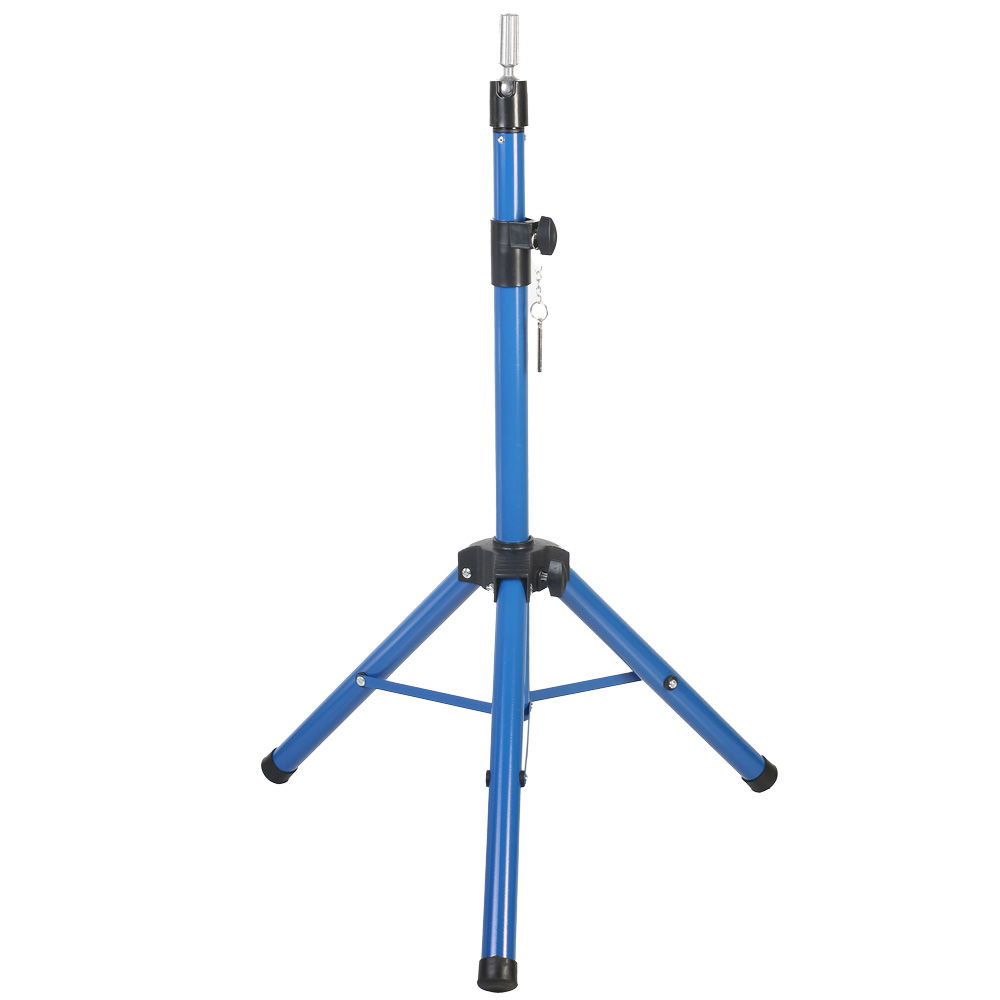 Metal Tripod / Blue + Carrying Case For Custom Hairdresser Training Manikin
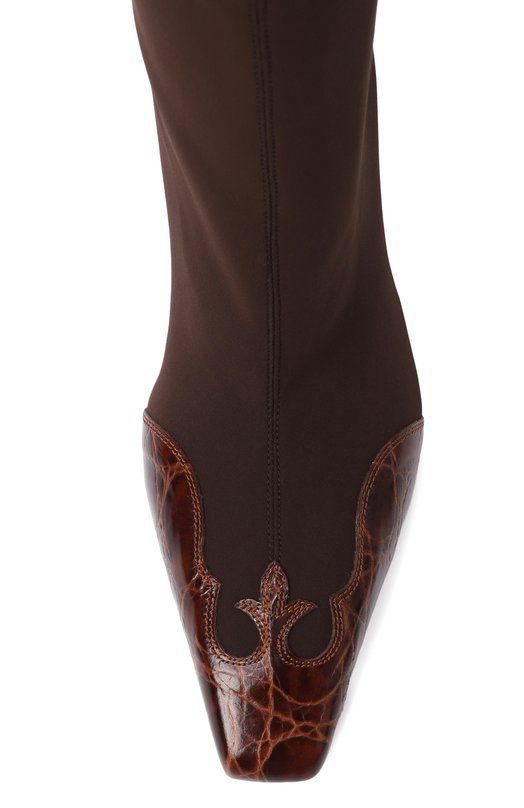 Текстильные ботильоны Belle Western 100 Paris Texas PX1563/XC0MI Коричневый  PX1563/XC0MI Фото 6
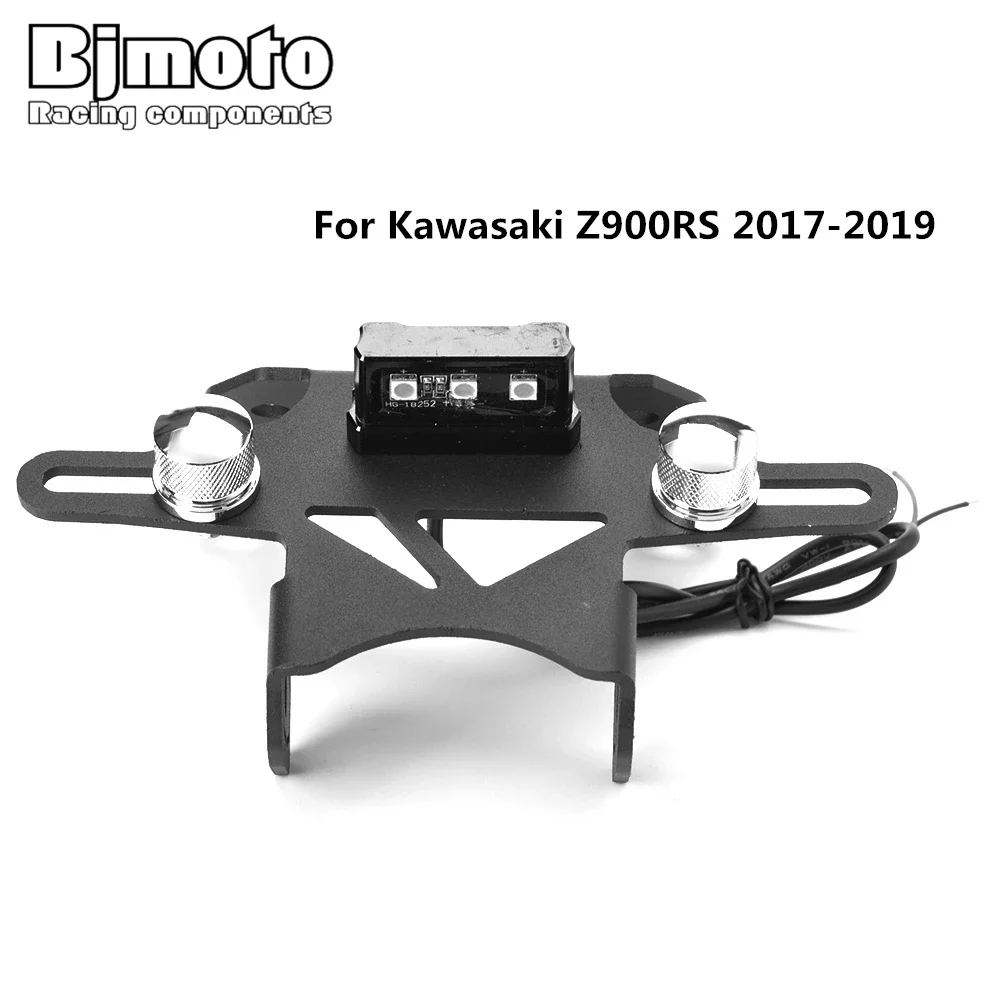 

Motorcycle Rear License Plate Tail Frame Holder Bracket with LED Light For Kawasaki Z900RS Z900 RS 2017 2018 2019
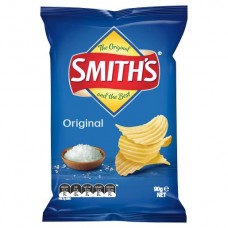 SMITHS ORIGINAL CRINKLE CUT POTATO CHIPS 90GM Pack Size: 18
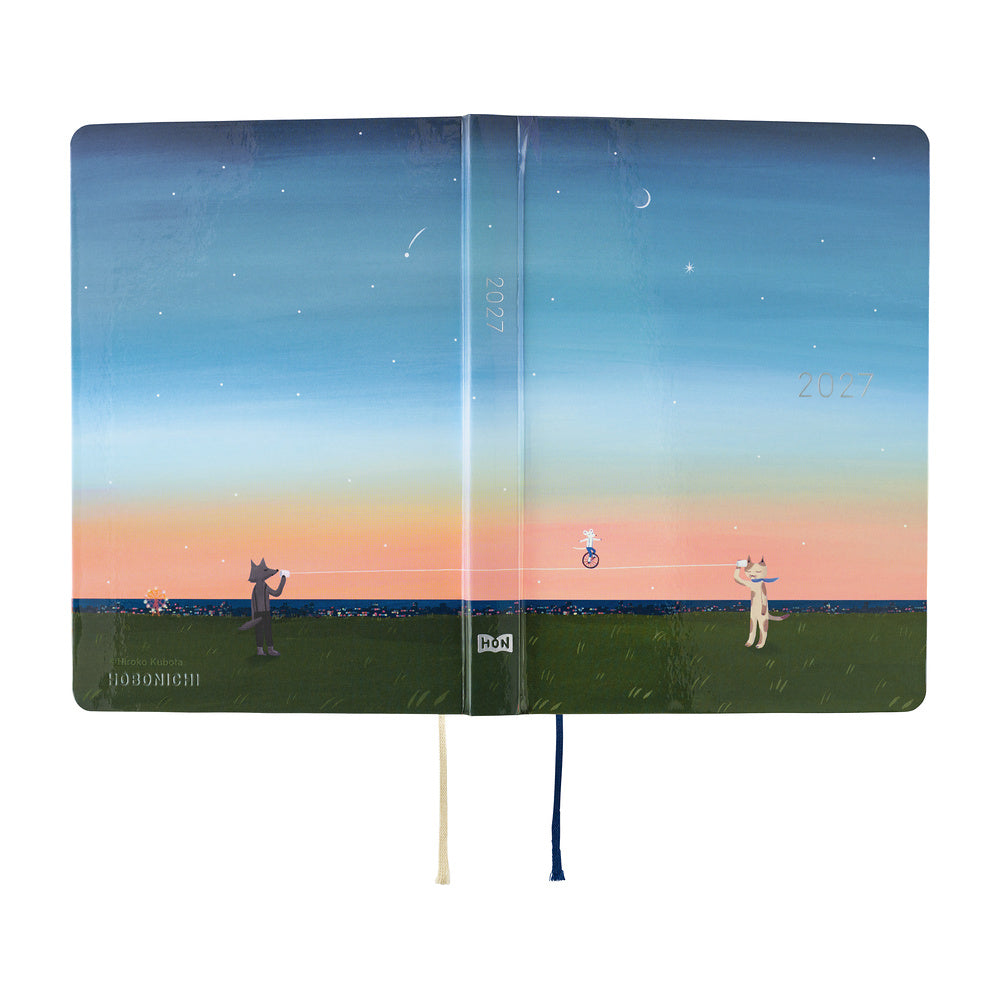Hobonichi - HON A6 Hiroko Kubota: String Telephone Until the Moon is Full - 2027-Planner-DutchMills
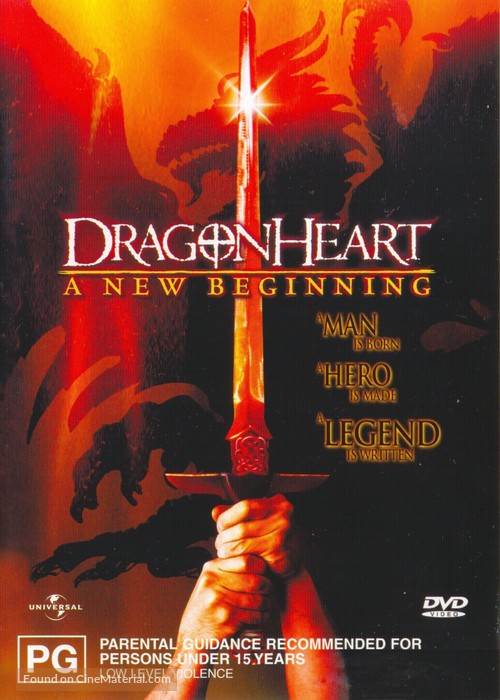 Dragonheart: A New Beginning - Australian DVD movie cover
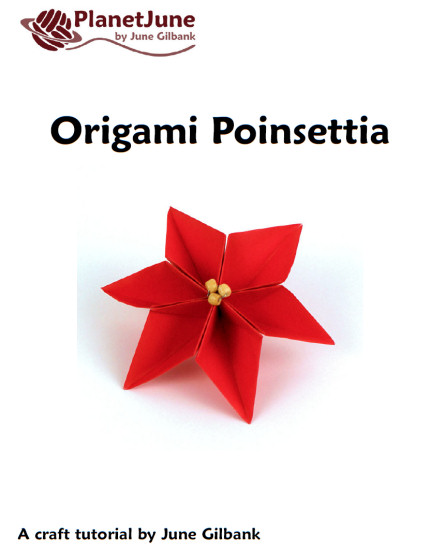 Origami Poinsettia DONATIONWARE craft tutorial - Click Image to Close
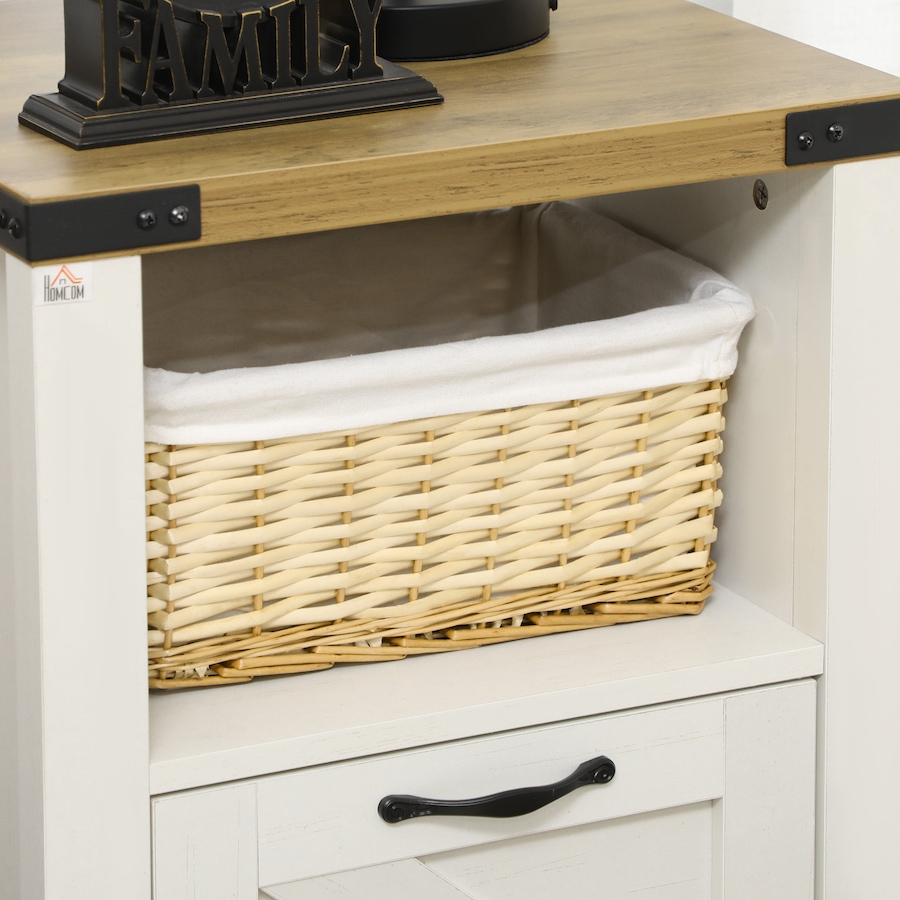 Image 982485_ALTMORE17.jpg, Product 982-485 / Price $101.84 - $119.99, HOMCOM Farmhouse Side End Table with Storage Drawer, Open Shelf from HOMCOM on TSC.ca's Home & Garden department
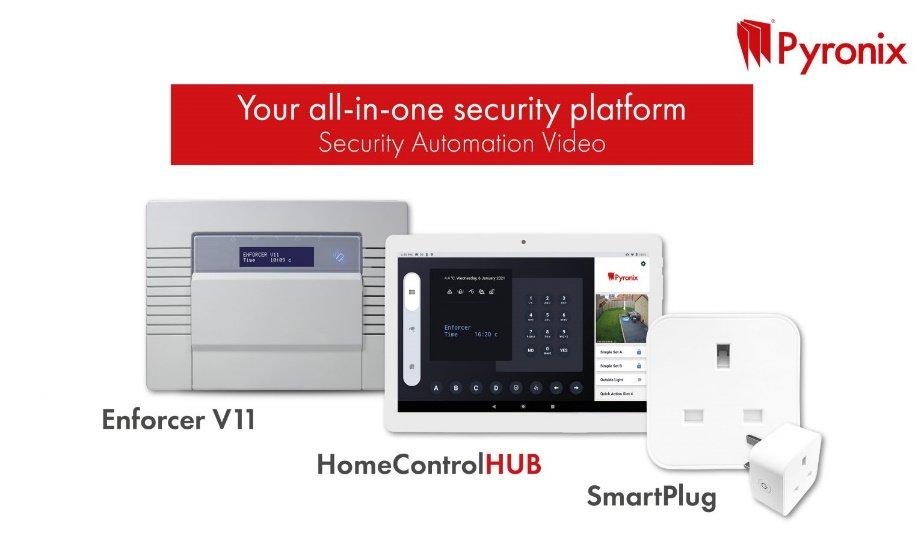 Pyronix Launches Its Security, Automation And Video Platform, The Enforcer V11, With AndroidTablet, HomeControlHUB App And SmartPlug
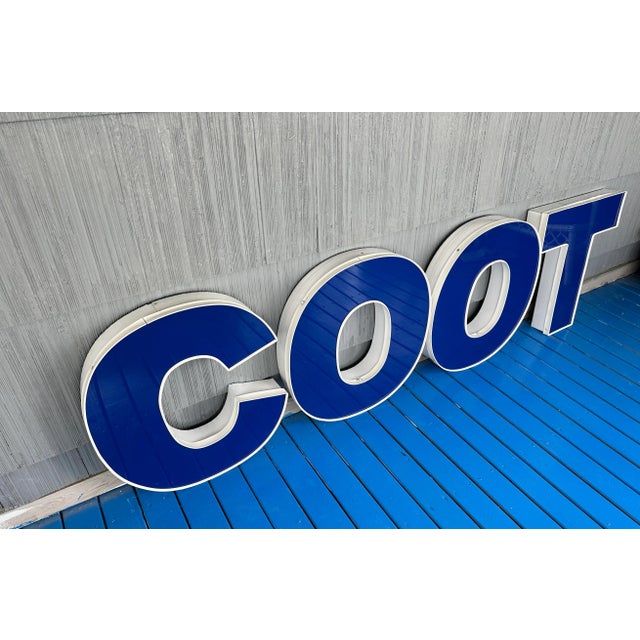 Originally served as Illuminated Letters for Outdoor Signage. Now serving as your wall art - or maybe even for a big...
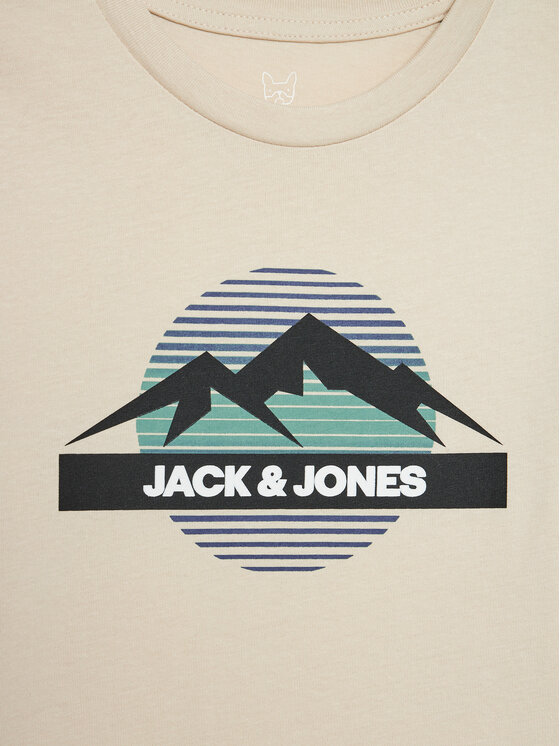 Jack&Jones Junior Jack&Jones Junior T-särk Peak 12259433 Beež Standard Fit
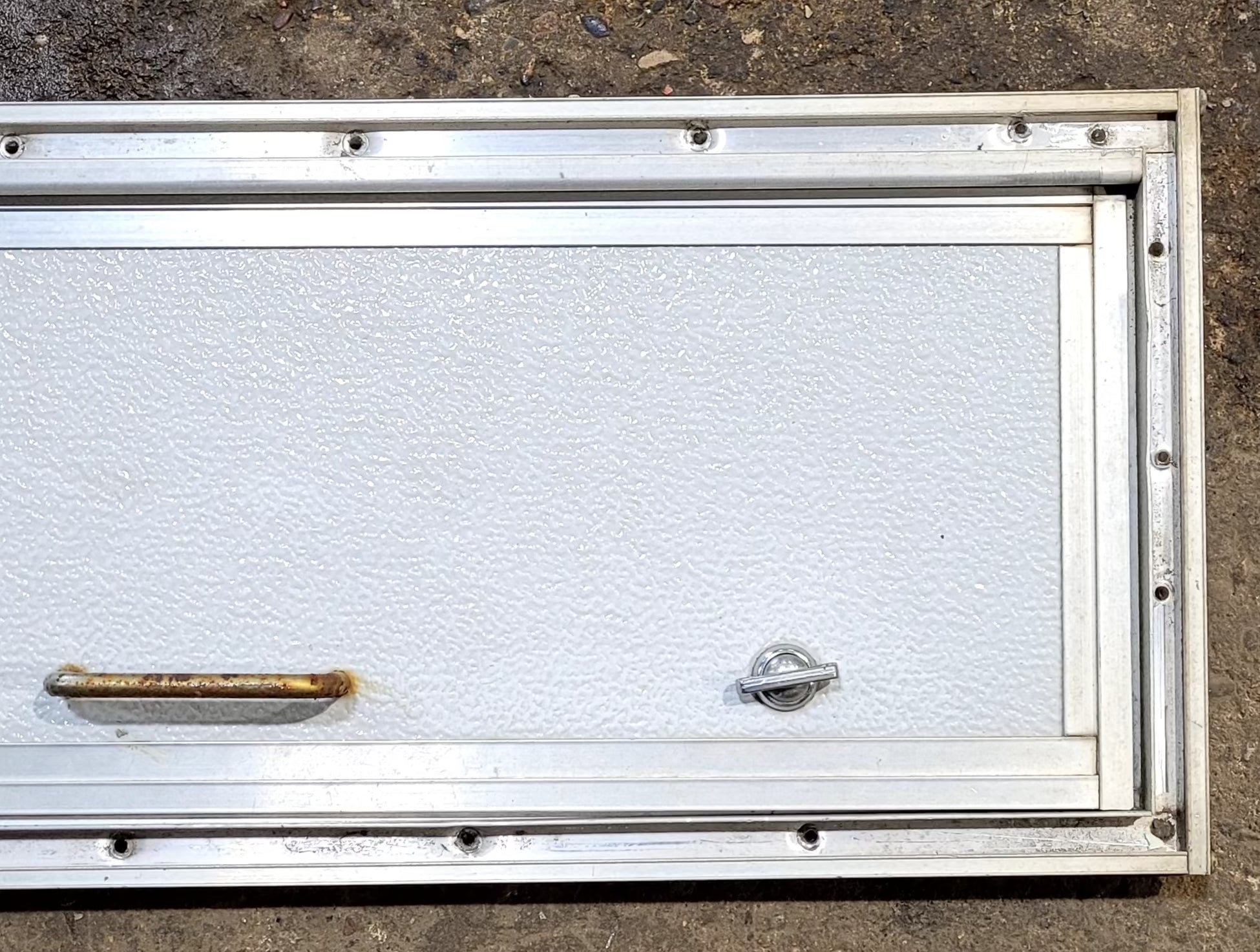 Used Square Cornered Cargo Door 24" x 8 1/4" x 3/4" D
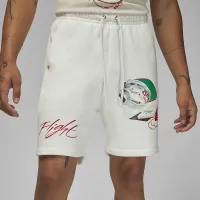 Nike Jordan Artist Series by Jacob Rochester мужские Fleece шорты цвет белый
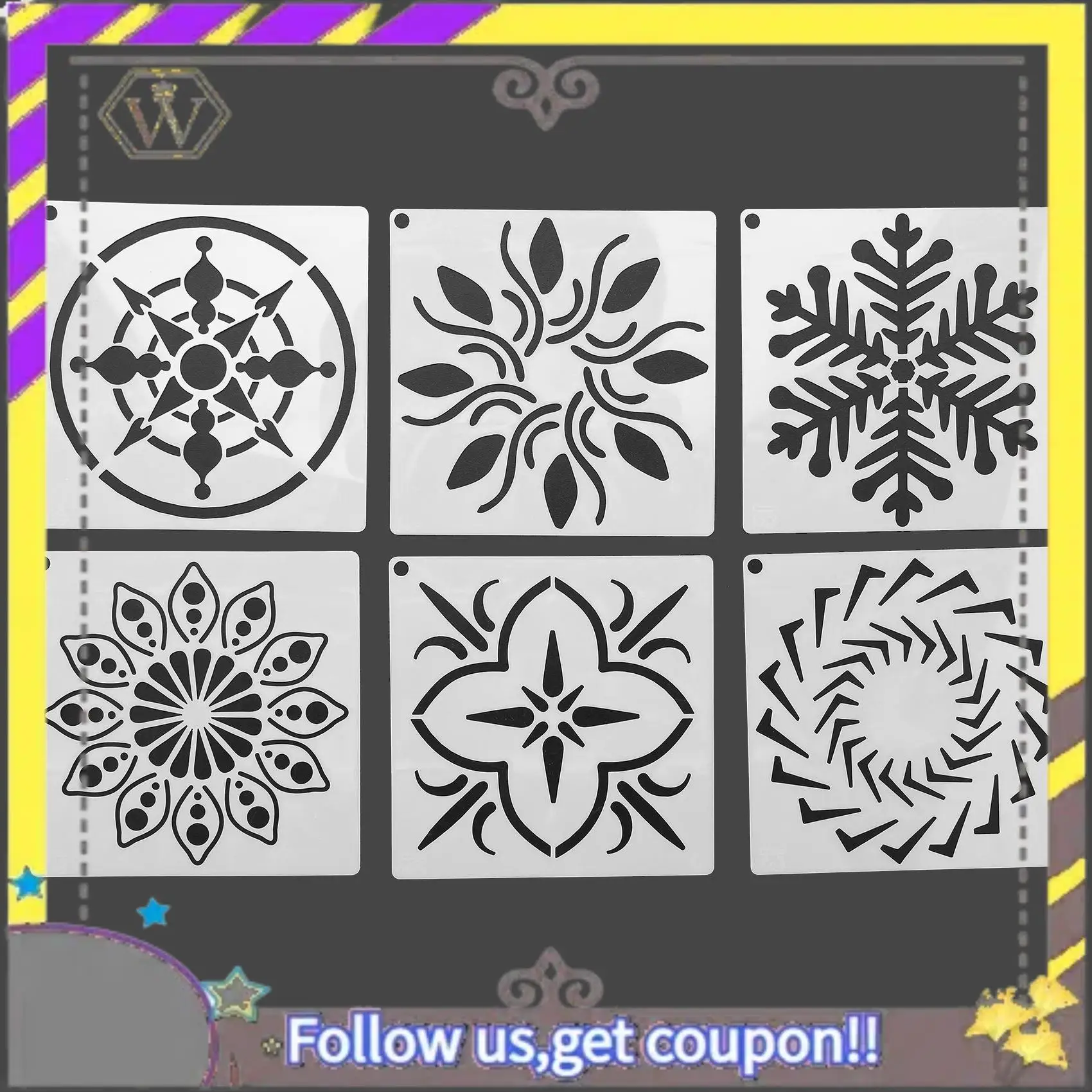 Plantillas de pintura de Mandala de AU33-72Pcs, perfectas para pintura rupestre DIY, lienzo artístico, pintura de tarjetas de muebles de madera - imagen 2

EXERCISE DESCRIPTION
Beginning with the line holding "Текстильные ботильоны Belle" in the material above, restate word for word each line through the line holding "SMITHS ORIGINAL CRINKLE", and exclude pictures.

ANSWER SECTION
 Текстильные ботильоны Belle Western 100 Paris Texas PX1563/XC0MI Коричневый  PX1563/XC0MI Фото 6

Motorcycle Rear License Plate Tail Frame Holder Bracket with LED Light For Kawasaki Z900RS Z900 RS 2017 2018 2019
 SMITHS ORIGINAL CRINKLE CUT POTATO CHIPS 90GM Pack Size: 18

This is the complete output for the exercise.